[Scraped caption text data]
= = = =
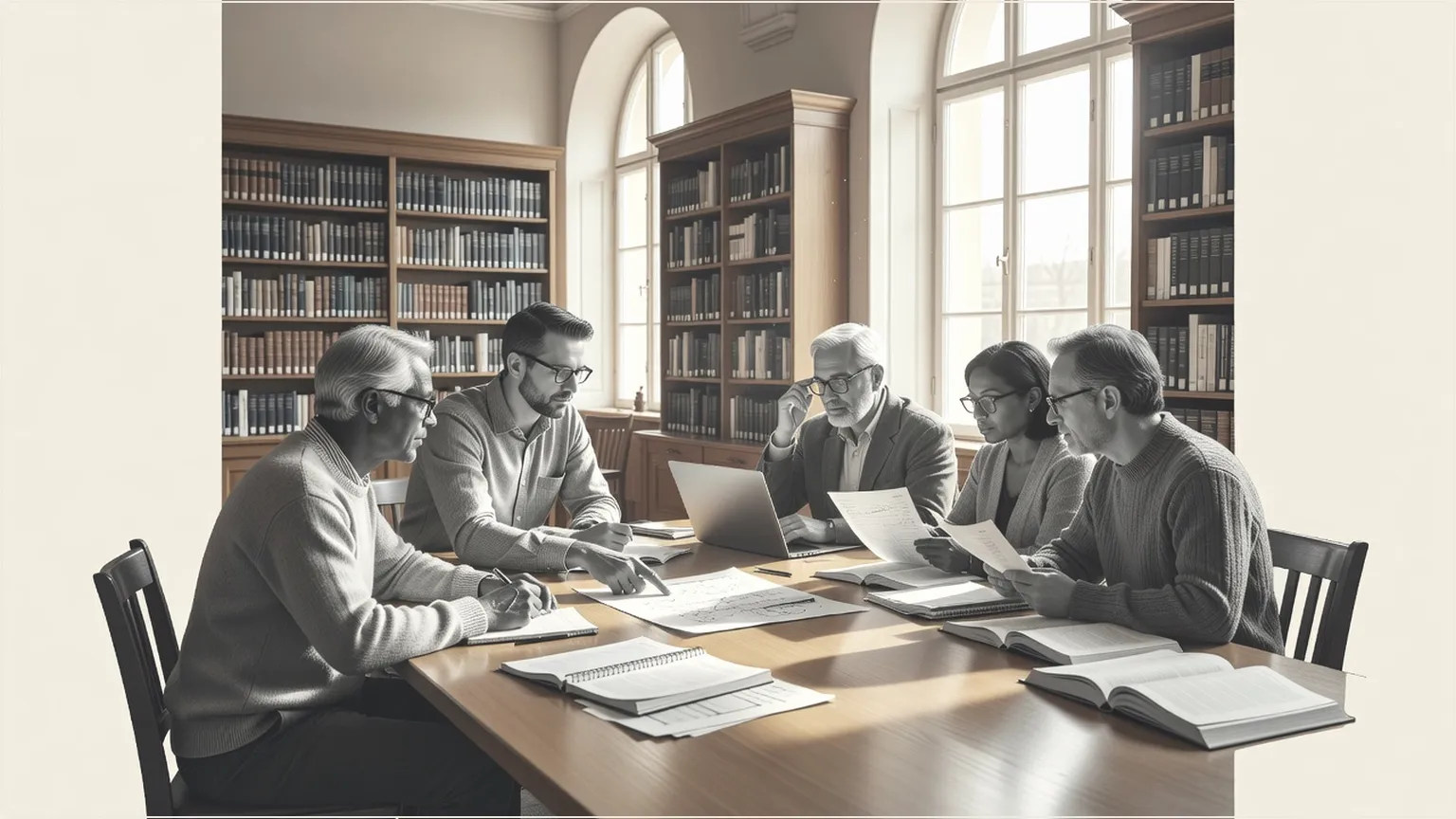 Researchers collaborating around a table with papers and laptops in a bright library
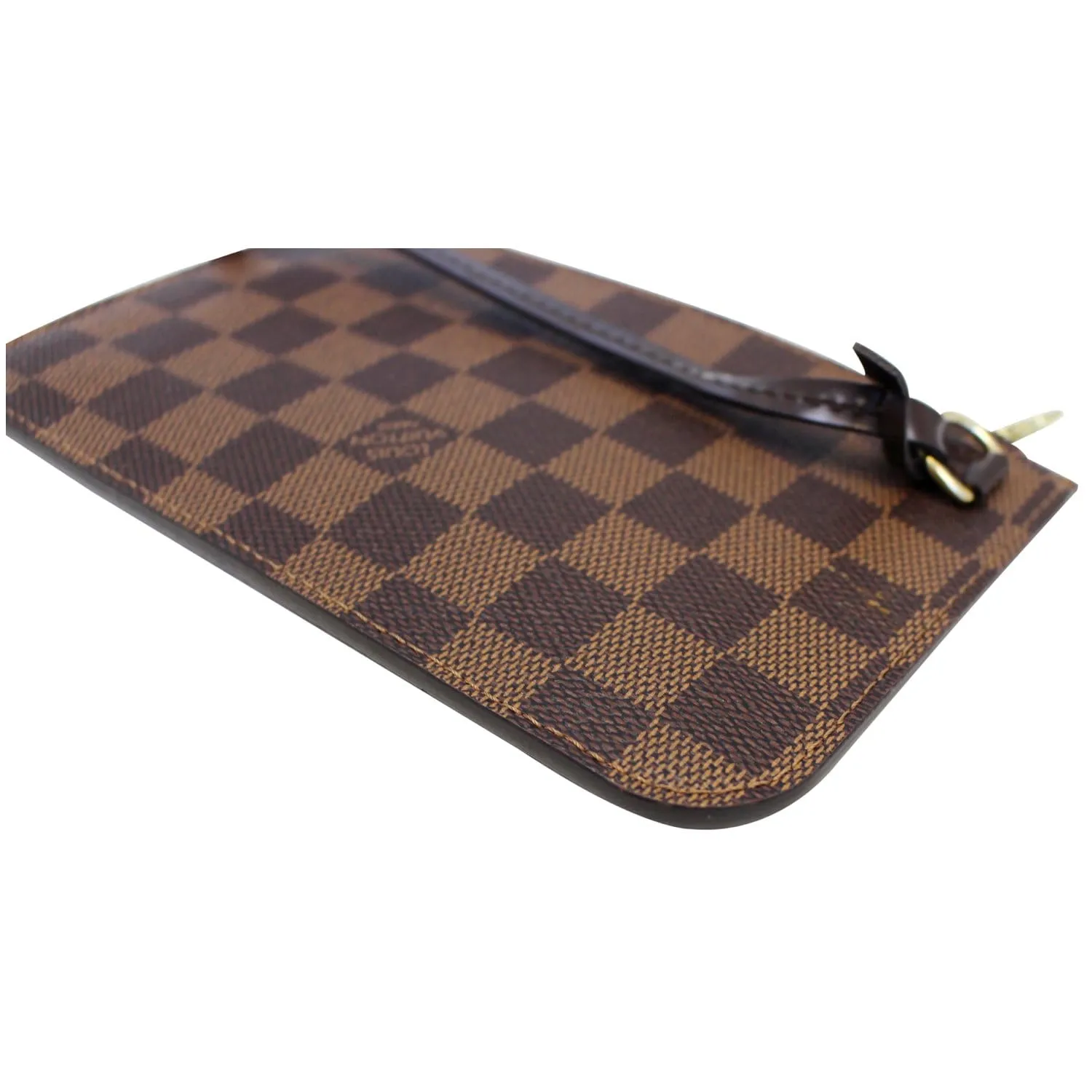 LOUIS VUITTON Damier Ebene Neverfull PM Pochette Wristlet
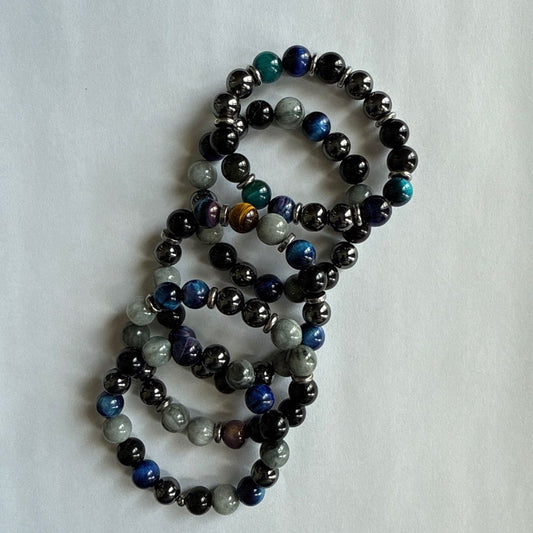 Protection bracelet - Grey Eagle Eye, Black Obsidian, Hematite, Blue tigers eye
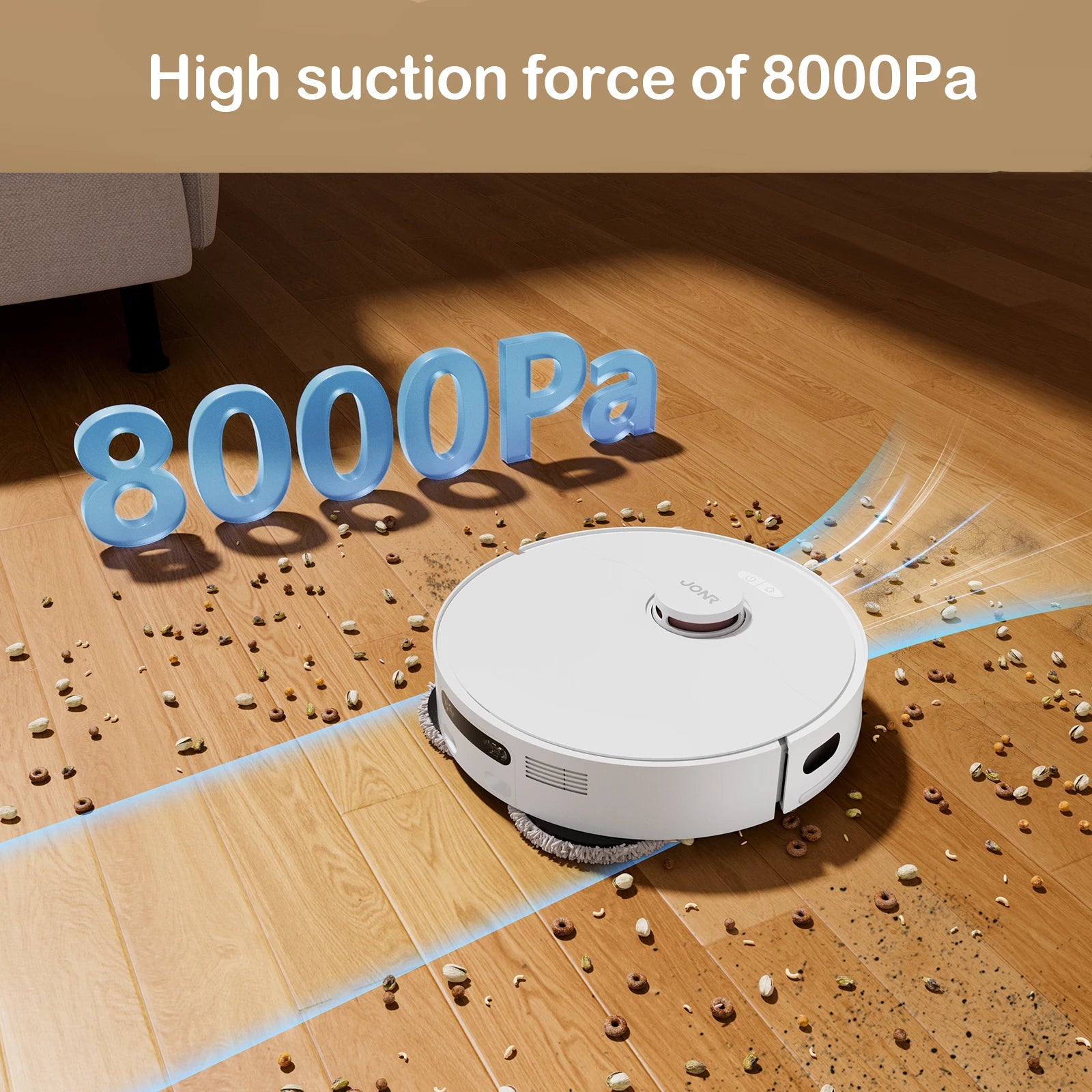 Lamp Post P20 Pro cordless robot vacuum with mopping, automatic cleaning, dust collection, and drainage water features, black and sleek design.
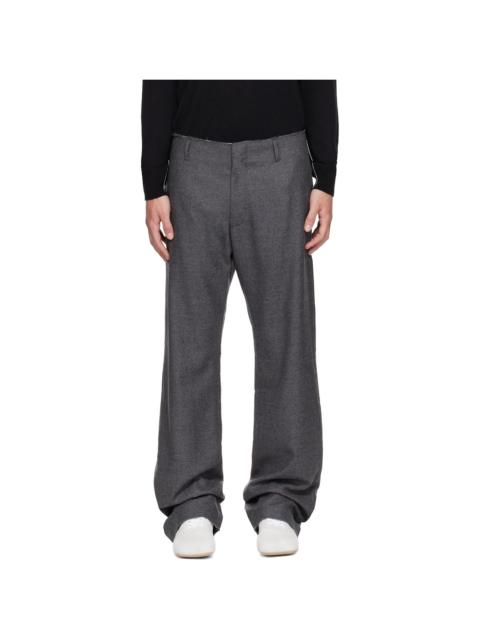 MM6 Maison Margiela Gray Pleated Cotton Wool Trousers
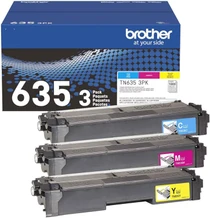 Brother TN635C TN635M TN635Y Cyan Magenta Yellow Genuine OEM Toner Cartridge 3 Color Set- 1,800 pages each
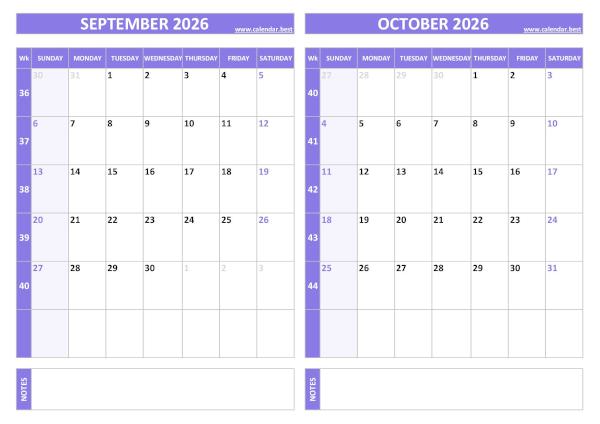 September and October 2026 calendar with week numbers, A4 landscape, purple template
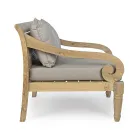 Outdoor teakhouten fauteuil met stoffen kussens, Homemotion - Tatyana Viadurini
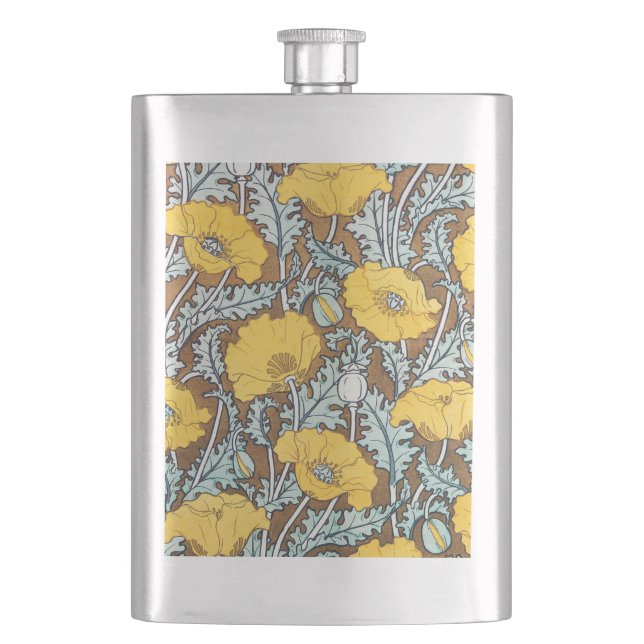 poppy art illustration yellow flower flask (Front)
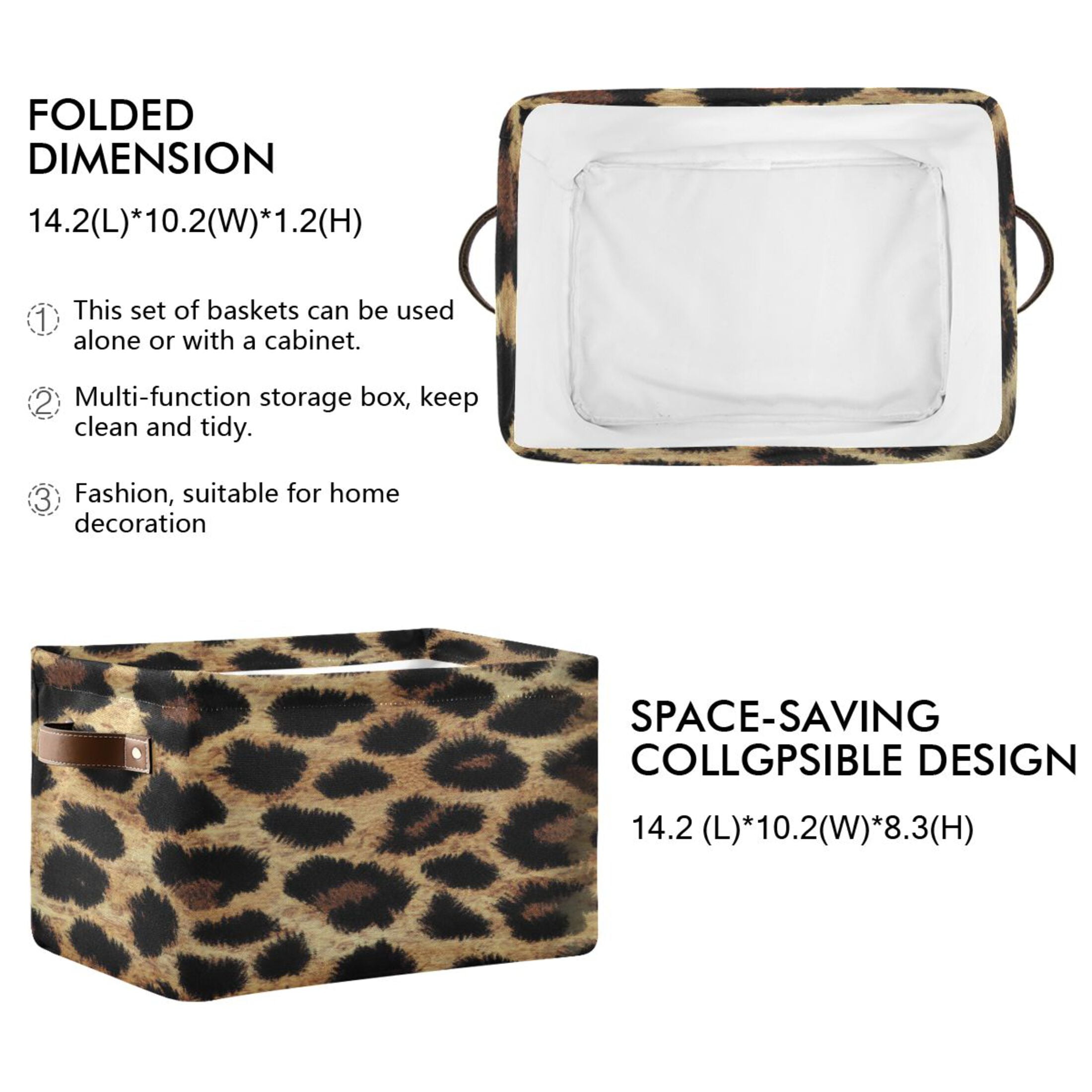 Leopard Print Fabric Texture Foldable Storage Basket,Canvas Fabric Foldable Storage Bins with Handles Open Home Storage Bins Boxes for Toy Book Shelf Closet Baskets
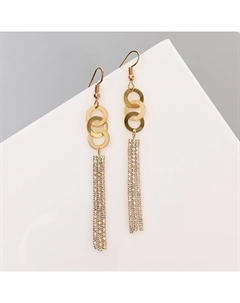 Серьги висячие со стразами «Вечерние» нить и кольцо, цвет белый в золоте,10 см Qf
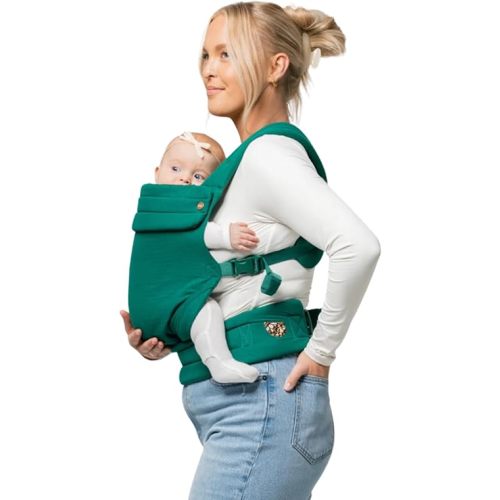 Mabē Monarch Ergonomic Baby Carrier – Premium Cotton Soft Structured Newborn to Toddler Carrier with Hip-Healthy Design, 3 Carry Positions (7-35lbs), Lightweight & Breathable, (Evergreen)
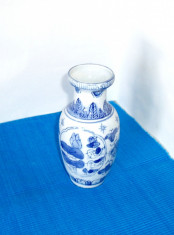Vaza veche, rouleau, portelan chinezesc blue &amp;amp; white - cca 1910 - fara marcaj foto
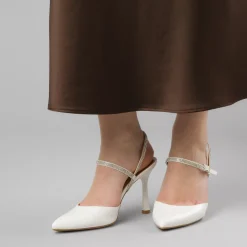 Décolleté slingback Donna Lora Ferres bianche con strass e tacco 9,5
= = = =
TASK GOAL => Give every entry back unchanged, with no pictures.

ANSWER BOX =>
 Researchers collaborating around a table with papers and laptops in a bright library
 LOUIS VUITTON Damier Ebene Neverfull PM Pochette Wristlet
 Protection bracelet - Grey Eagle Eye, Black Obsidian, Hematite, Blue tigers eye
 Lamp Post P20 Pro cordless robot vacuum with mopping, automatic cleaning, dust collection, and drainage water features, black and sleek design.
 MM6 Maison Margiela Gray Pleated Cotton Wool Trousers
 Brother TN635C TN635M TN635Y Cyan Magenta Yellow Genuine OEM Toner Cartridge 3 Color Set- 1,800 pages each
 September and October 2026 calendar with week numbers, A4 landscape, purple template
 Outdoor teakhouten fauteuil met stoffen kussens, Homemotion - Tatyana Viadurini
 poppy art illustration yellow flower flask (Front)
 Leopard Print Fabric Texture Foldable Storage Basket,Canvas Fabric Foldable Storage Bins with Handles Open Home Storage Bins Boxes for Toy Book Shelf Closet Baskets
 Серьги висячие со стразами «Вечерние» нить и кольцо, цвет белый в золоте,10 см Qf
 Mabē Monarch Ergonomic Baby Carrier – Premium Cotton Soft Structured Newborn to Toddler Carrier with Hip-Healthy Design, 3 Carry Positions (7-35lbs), Lightweight & Breathable, (Evergreen)
Vaza veche, rouleau, portelan chinezesc blue &amp;amp; white - cca 1910 - fara marcaj foto
 Décolleté slingback Donna Lora Ferres bianche con strass e tacco 9,5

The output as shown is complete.